Thursday, September 14, 2006

Petersburg

This has been my favorite stop on the trip since McCarthy and Kennicott. This little town of 1,200 people has got a lot going for it. Located on the northern tip of Mitkof Island, the Tlingit (Kling-kit) people have called this place home for centuries. In the late 1800’s a Norwegian immigrant selected the town site for a cannery and saw mill. Many Norwegian immigrants followed him and soon the town was born. Many of the present day local people can still trace their ancestral lines to some of the first immigrants to settle in Petersburg. Norwegian flags were everywhere, as was other hints of their ancestral heritage, like this huge Viking ship in the center of town.

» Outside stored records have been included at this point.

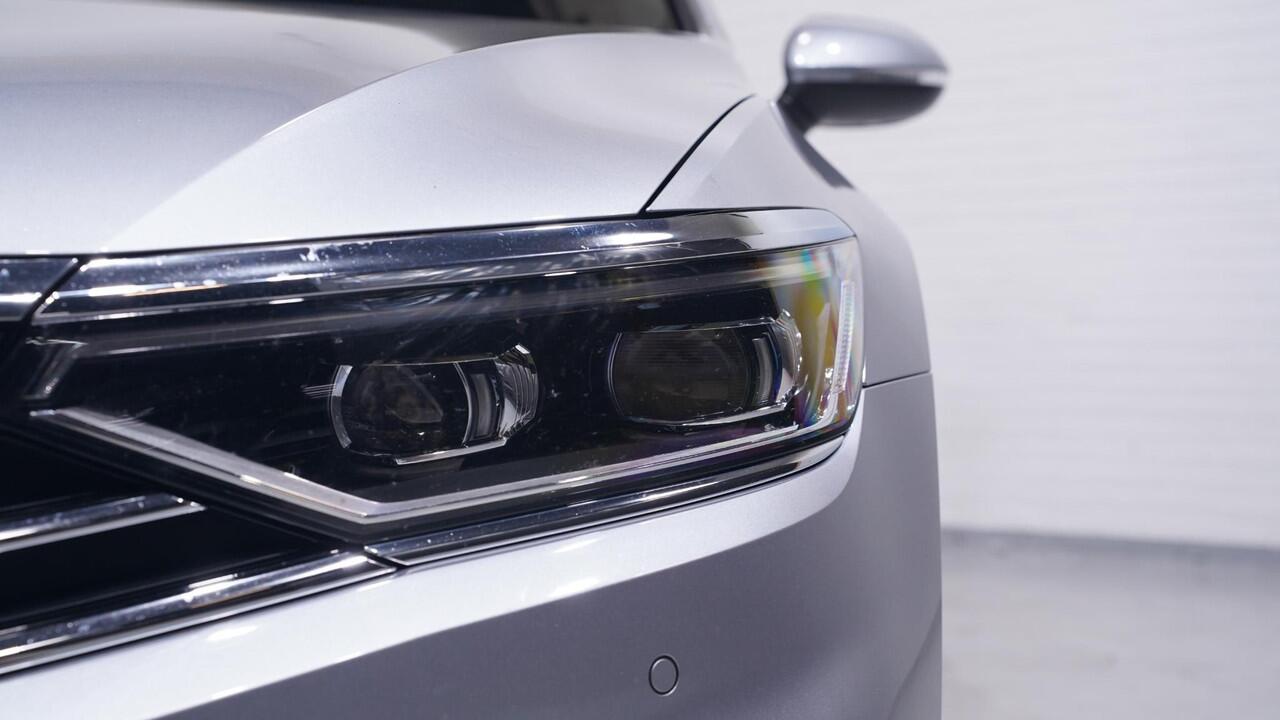 Volkswagen PASSAT 1.5 TSI R-Line Business + Rijklaar! Navi Stoel- en voorruitverwarming Led matrix Apple Carplay Camera 1e Eig. NAP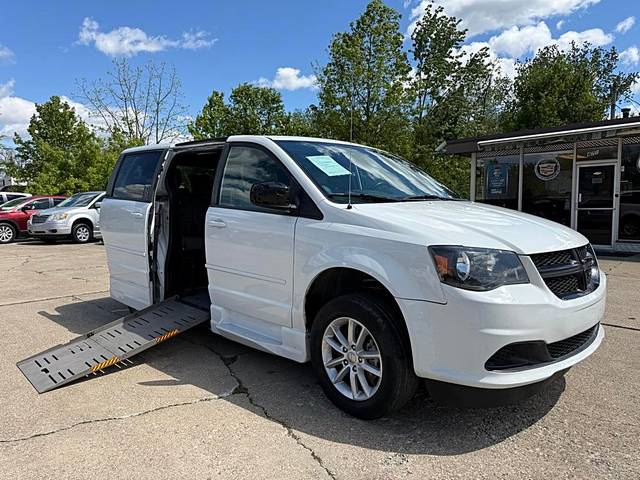 2017 Dodge Grand Caravan SE Plus FWD photo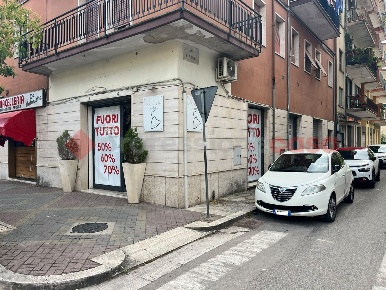 Foto Negozio in Largo Dante 30, Cassino Centro di 60 m² con 2 locali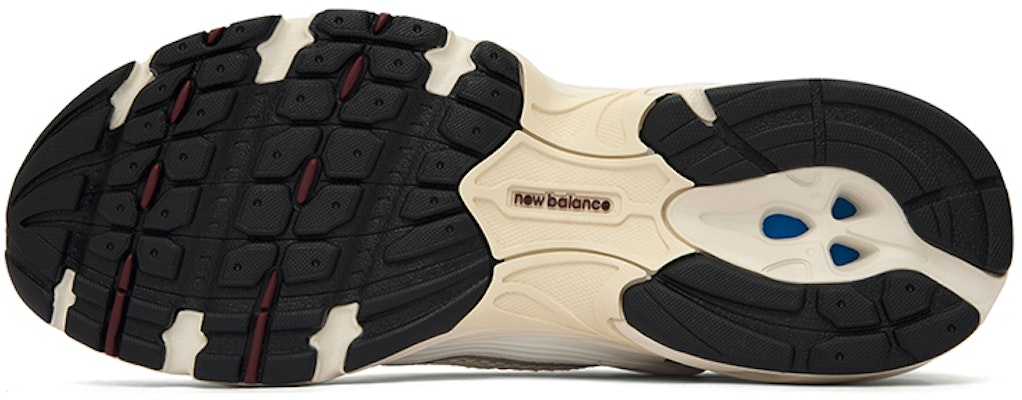 New Balance 530 'Sea Salt Mercury Red' MR530SZ Sizing New Balance 530 'Sea Salt Mercury Red' MR530SZ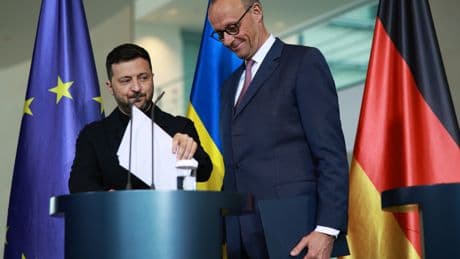 El Gobierno de Merz deja atrás la anterior política migratoria: se suspende la reagrupación familiar durante dos años y la "nacionalización turbo"
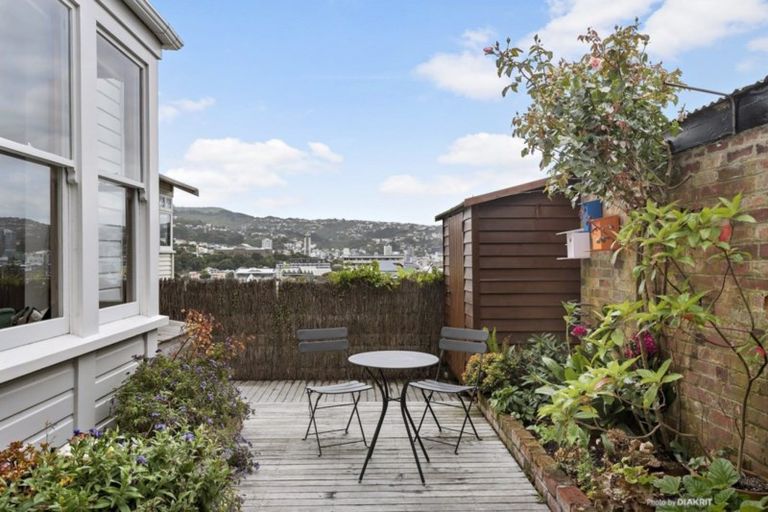 Photo of property in 91 Ellice Street, Mount Victoria, Wellington, 6011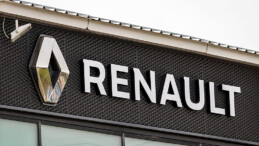 Renault altı ayda satış hacmini artırdı, 27 milyar Euro’u kasasına koydu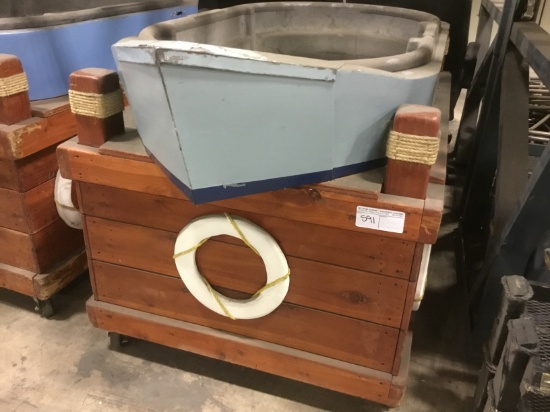 ICE DOWN SEAFOOD BOAT DISPLAY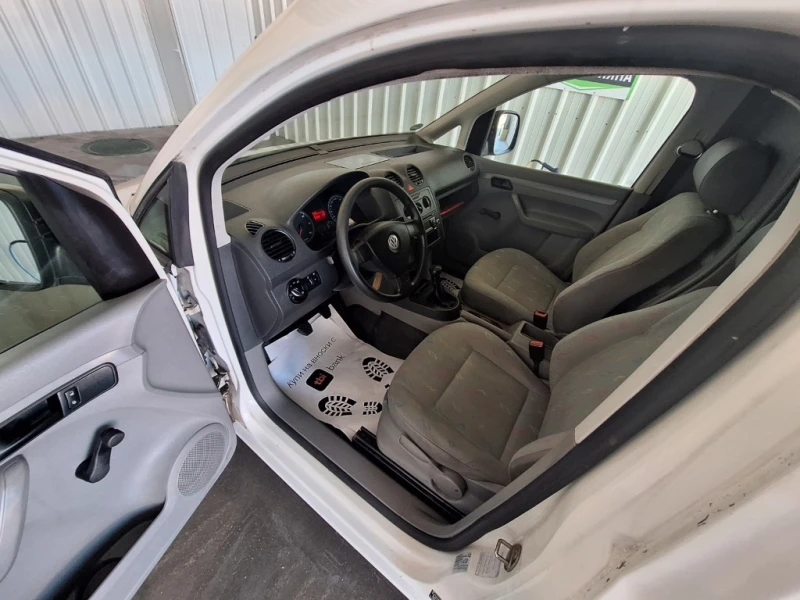 VW Caddy 2.0 SDI, снимка 12 - Автомобили и джипове - 52635106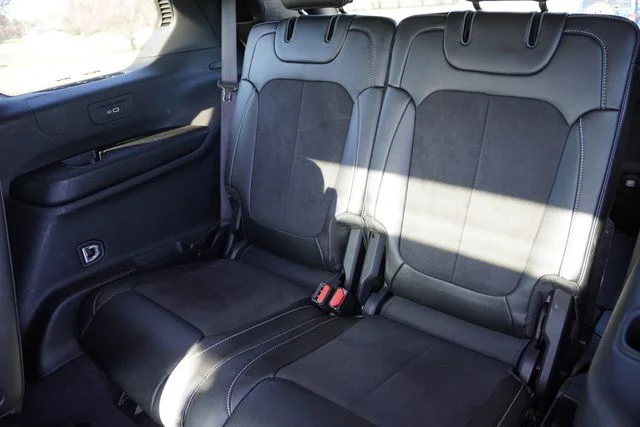 Used 2023 White Jeep Altitude image 18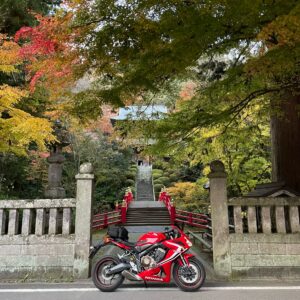雲巌寺の紅葉の正門前にてwith CBR650R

Fishing is the main industry on the island. The men can be gone for up to six months at a time out on the fishing boats. One of the local girls working in the visitor center told us marriages don’t last too long in Petersburg. Cheating is very common due to long times spent apart. However that didn’t seem to damper the spirits of most of the people we saw. There were women everywhere – much different then other parts of Alaska.

Crab Traps

Petersburg, like much of southeast Alaska, is temperate rainforest. Not only did we see huge trees but there was moss covering almost everything. The tree branches were covered all the way to the needles.

Moss Covered Tree Branches

See Jody Really is a Tree Hugger

Even the beaches were covered in life. The tides are very dramatic in this part of the world and when low tide comes around a whole new world is uncovered. We walked around at low tide just to check out all the new critters.

When the clouds lifted enough to see across Frederick Sound on the eastern part of the island, the LeConte Glacier peaked out. There were even icebergs floating in the Sound.

The US Forest Service maintains trails all over the island. Most of them are accessed from old logging roads and were made of planked boardwalk that got pretty slippery in some areas. To mitigate this, they had stapled some fish netting to the boards for added traction. We checked out three trails that each went to a different lake. All three had a rowboat and a small dock for the public to use. When the sun came out we took advantage of being out on the water. The dogs also got a kick out of it and Otis even went swimming!! I don’t think it was on purpose. He thought he could walk on the aquatic vegetation and when he tried he went completely under. You should have seen him swim when he popped back up. He could have beaten an Olympic swimmer he was so scared.

Sprout Checking Out the Water from the Boat

All of Us in the Rowboat

The island had a fair amount of wildlife. We saw Black Tailed Deer everywhere. Dave seems to think they must have come to an agreement with the cars – they would graze on the side of the road and get out of the way of the cars as long as the cars didn’t try to hit them. It seemed to be working because we saw lots of deer all along the roadsides, but none of them were dead. Ironically, we didn’t see that many male deer. (See there really were women everywhere on this island!!)

Black Bear

On the way back to the campsite one night we came across a mother porcupine bringing her baby across the road. The baby was so cute we couldn’t resist putting a couple of photos of it on the blog. I mean how many of you have ever seen a BABY porcupine? This was certainly our first.

From Petersburg we were off to Wrangell via the Alaska Marine Highway. Unlike I said before, it is this stretch that contains the Wrangell Narrows (a very narrow stretch of water between two big mountains).